The Obama administration is going to need to bite the bullet and come clean with the American people. It has to tell them the truth about the bailout programs. Specifically…

…officials at the Treasury and the Fed said they worry harsh pay limits will undermine critical bailout programs by discouraging financial firms from participating. Although many of these companies could survive without government help, they might lack money to ramp up lending, which officials consider critical to turning the economy around.

Some banks could not survive without government help, but we haven’t defined who they are yet. Hopefully, the stress-tests that the Treasury Department is performing on financial institutions will help clarify the situation, but we can’t be setting executive pay restrictions based on mere participation in the government recovery programs. We are asking banks to take low-interest loans so that they can increase their capitalization and increase lending. It’s perfectly acceptable to make demands about how that money is utilized (for lending) but we can’t treat every firm that accepts the offer as if they’re now government property and set all kinds of restrictions on how they run their businesses. If we do, then the plan won’t work.
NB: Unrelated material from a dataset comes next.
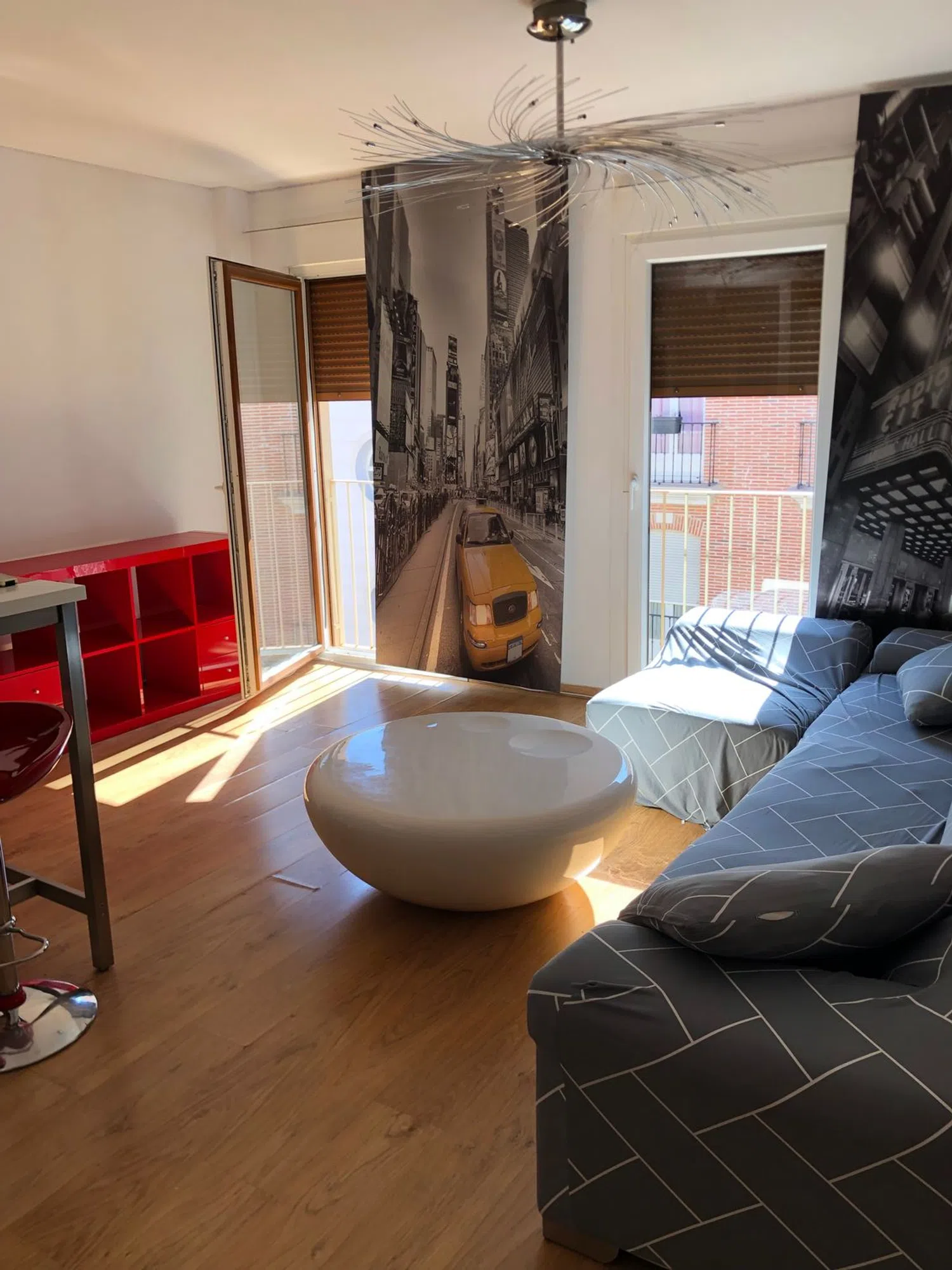 Dúplex en calle De La Cruz, 64 - Foto 1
At the same time, the Obama administration cannot hope to get away with skirting the laws that Congress laws down, no matter how misguided they may be. Even if their efforts are ultimately determined to be constitutional, the political costs are too high. The problem is a matter of perception. The public thinks the money is going to banks to keep them from going bankrupt and therefore has certain expectations about how firms that accept the money will behave. But only a small percentage of the banks are actually facing insolvency, and we don’t have any clean way right now of legally distinguishing between the two.

What we need to do is decouple these issues. Executive pay should be regulated by law, irrespective of which firms are participating in government recovery efforts. As soon as possible, firms that are insolvent should be identified and treated differently under the law from banks that are not. We should not be buying equity stakes in solvent institutions that we believe will have no difficulty in repaying our loans. We should be taking equity stakes only in truly insolvent institutions.

This is a political matter. And the Obama administration needs to treat it as a political timebomb. Sort things out quickly, because the status quo is too ambiguous and too subject to easy distortion. The plan to increase lending is solid, but the means is unsustainable.